Let's use these functions to convert our mystery location to traditional GPS coordinates:

In [8]:
mystery_location1 = tags_to_DD(tags1)

print(mystery_location1)

(51.997658333333334, -0.740686111111111)


### <u>Import the Google Maps API</u>

Our next goal is to put these coordinates onto an interactive Google map. In order to do this, we will need to use the Google Maps API. An API is an "Application Programming Interface," which is a tool that can be used to communicate between two different pieces of software. Often times, large companies (Google, Amazon, Yelp, etc) will provide an API for their products to programmers. The goal is to encourage programmers to innovate using their platform. 

In our case, we will use the Google Maps API to get Google Maps data into our project: https://en.wikipedia.org/wiki/Application_programming_interface

In [9]:
# Import the gmaps python module and load in your API Key:

import gmaps

gmaps.configure(api_key="AIzaSyCLla6Q7krE9xNg6SnNMoGNIzjCLddE9EU") # you need to put your API key here in place of the X's

Now get a map of Mystery Location 1:

In [10]:
# This is a list that will hold all of your GPS coordinates
# For now, locations will only have one set of coordinates, but you'll be adding more

locations = []

In [11]:
from ipywidgets.embed import embed_minimal_html # Allows us to create a separte file for the Google Maps

locations.append(mystery_location1)

markers = gmaps.marker_layer(locations)

markermap = gmaps.Map()
markermap.add_layer(markers)

embed_minimal_html('MarkerMap1.html', views=[markermap])
print("*** Check your 'Metadata Part 4' folder to find the new HTML file named \"MarkerMap1\". ***")

markermap

*** Check your 'Metadata Part 4' folder to find the new HTML file named "MarkerMap1". ***


Map(configuration={'api_key': 'AIzaSyCLla6Q7krE9xNg6SnNMoGNIzjCLddE9EU'}, data_bounds=[(51.99764833333333, -0.…


**<u>Question 2:</u>** Where was this photograph of "Mystery Location \#1" taken? Zoom the map in/out to get a better idea of the location.

*Note: This location has important significance in the history of computer science. You may want to look it up if you are curious.*

**<u>Your Answer: </u>** The photograph of Mystery Location was taken at Bletchley Park in the United Kingdom.

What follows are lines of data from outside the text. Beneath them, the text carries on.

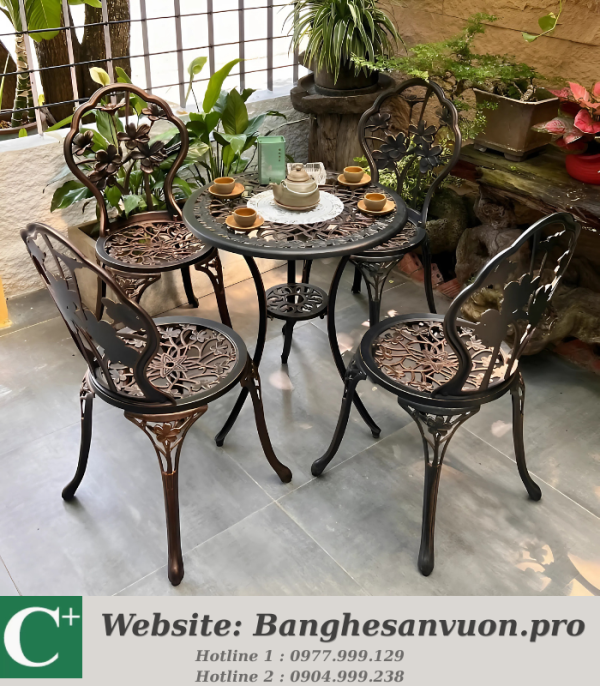 Bộ bàn ghế sân vườn SVAN-GMTBG-027N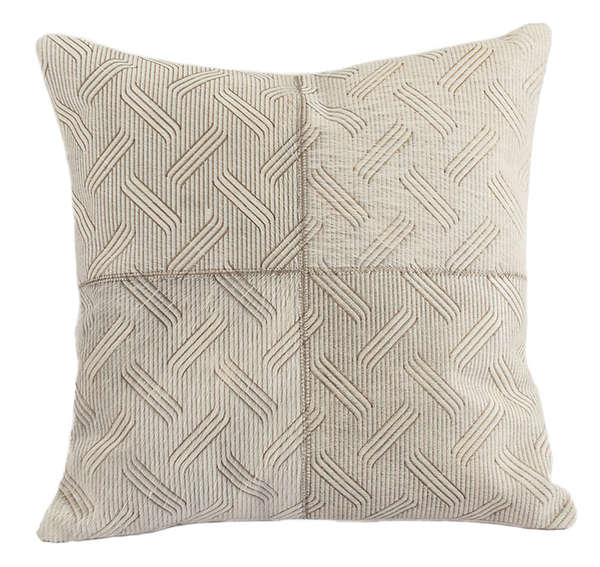 Cushion Cowhide Tracery 20"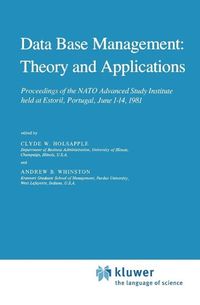 Produktbild: Data Base Management: Theory and Applications
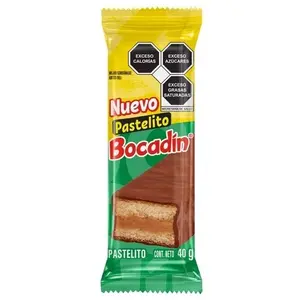 Bocadin Nuevo Pastelito Bimbo 12 Pack of 44g Cake Bars - Dessert Snack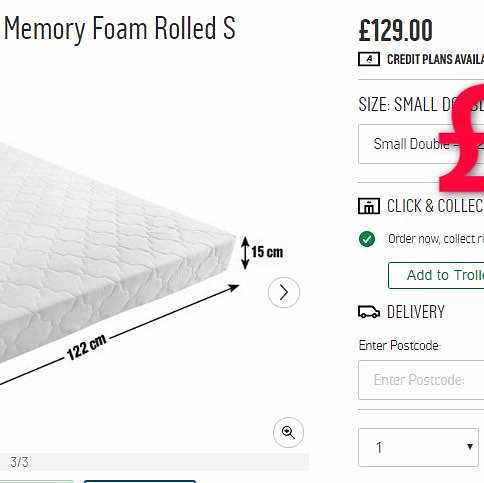 image of Argos Mattress - London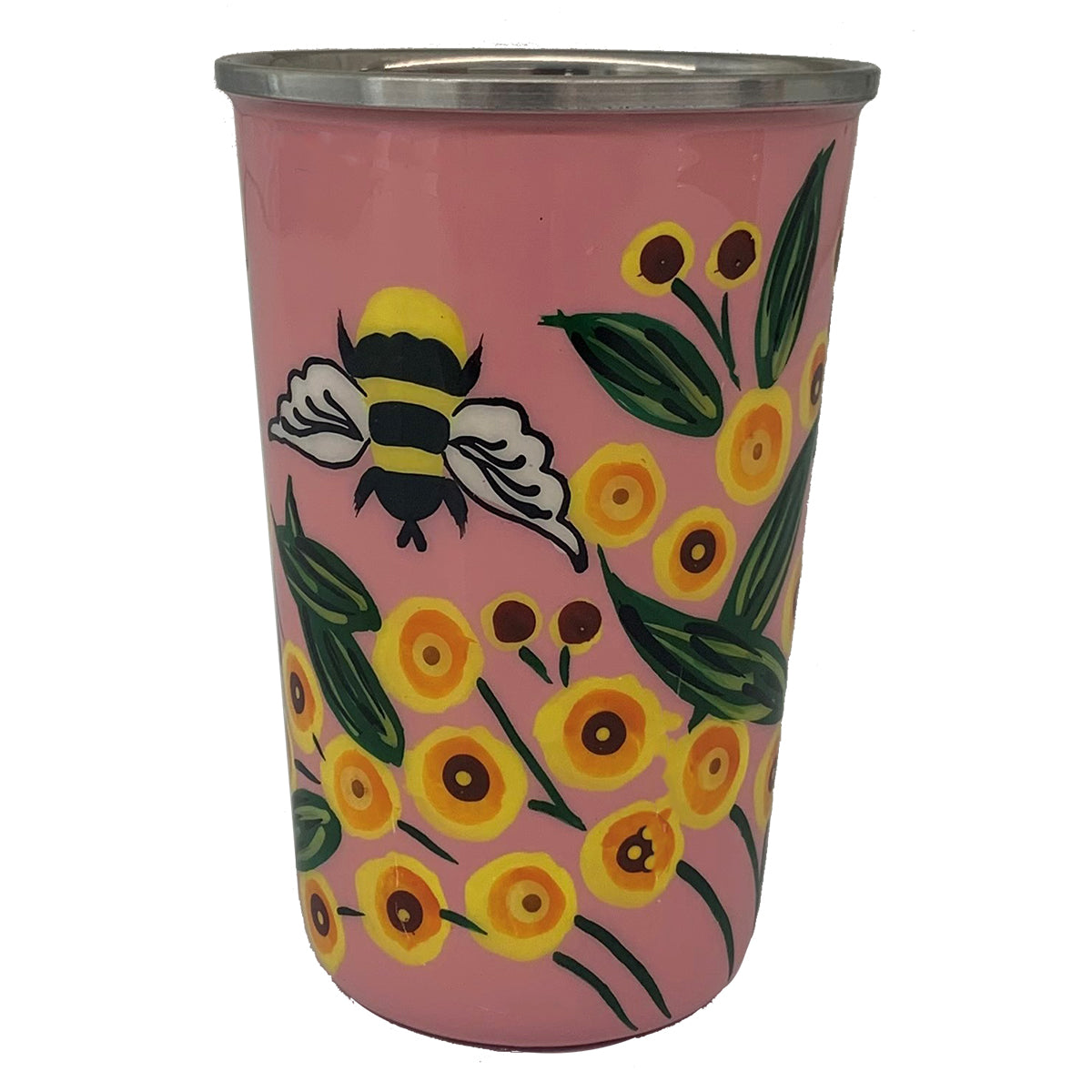 Hand painted enamelware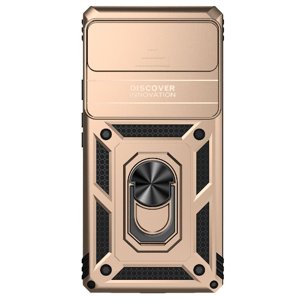 Estuche Gangxun Para Google Pixel 6, Soporte Giratorio 360°, Estilo Mecánico Y Magnético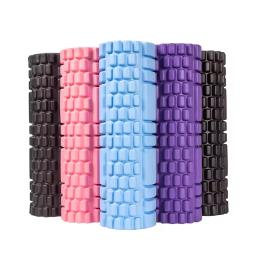 30cm coluna de yoga ginásio fitness pilates rolo de espuma exercício volta massagem rolo yoga tijolo casa equipamentos fitness - Image 1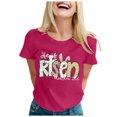 thumbnail image 1 of LUOGENLI T-shirts pour Femmes T-Shirt Décontracté Ample Col Rond / Haut à Manches Courtes pour Confort et Style T-shirts Amusants Graphiques Fête de la Saint-Patrick TG, 1 of 1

### <u>Task 1: Practicing with Abstraction</u>

Write a function, *gps_from_image(file_name)*, that takes a filename as input and returns decimal degree (DD) coordinates.
* Open the file
* Use exifread to process the file
* Return coordinates using tags_to_DD(), feeding it your processed tags

*Note: To test your function, you must run *gps_from_image("mystery1.jpg")* to show that it returns (51.997658333333334, -0.740686111111111).* 

In [12]:
# Your code here
def gps_from_image(file_name):
    # Open image file for reading
    mystery1 = open(file_name, 'rb')
    # Return Exit tags
    tags1 = exifread.process_file(mystery1)
    # return coordinates
    image_gps = tags_to_DD(tags1)

    return image_gps

print(gps_from_image("mystery1.jpg"))

(51.997658333333334, -0.740686111111111)


**<u>Question 3:</u>** Explain how *gps_from_image(file_name)* is an **abstraction that reduces the complexity of your program**.

**<u>Your Answer:</u>** 

It is an abstraction because I am basically saying only "gps_from_image". Instead of opening the file, return the exit tags as well as the coordinates from the metedata of the image. Just calling the function reduces the complexity of finding the coordinates of an image

**<u>Question 4:</u>** Explain how *gps_from_image(file_name)* is an **algorithm that uses two other algorithms**. Be specific about which other algorithms are used in *gps_from_image(file_name)*.

**<u>Your Answer:</u>** In the function, "gps_from_image", it calls two other functions "tags_to_DD"-which takes the coordinates of the photo taken from metadata- and inside of the "tags_to_DD" function is "list_to_DD" function which takes the metadata data which are in lists and returns coordinates

### <u>Task 2: Extract GPS Metadata from a Photograph of "Mystery Location \#2"</u>

Here's a photo from a second mystery location:

In [13]:
from IPython.display import Image
Image(filename="mystery2.jpg")

<IPython.core.display.Image object>

**<u>Question 5:</u>** What are the decimal degree (DD) coordinates of the location where this photograph was taken? 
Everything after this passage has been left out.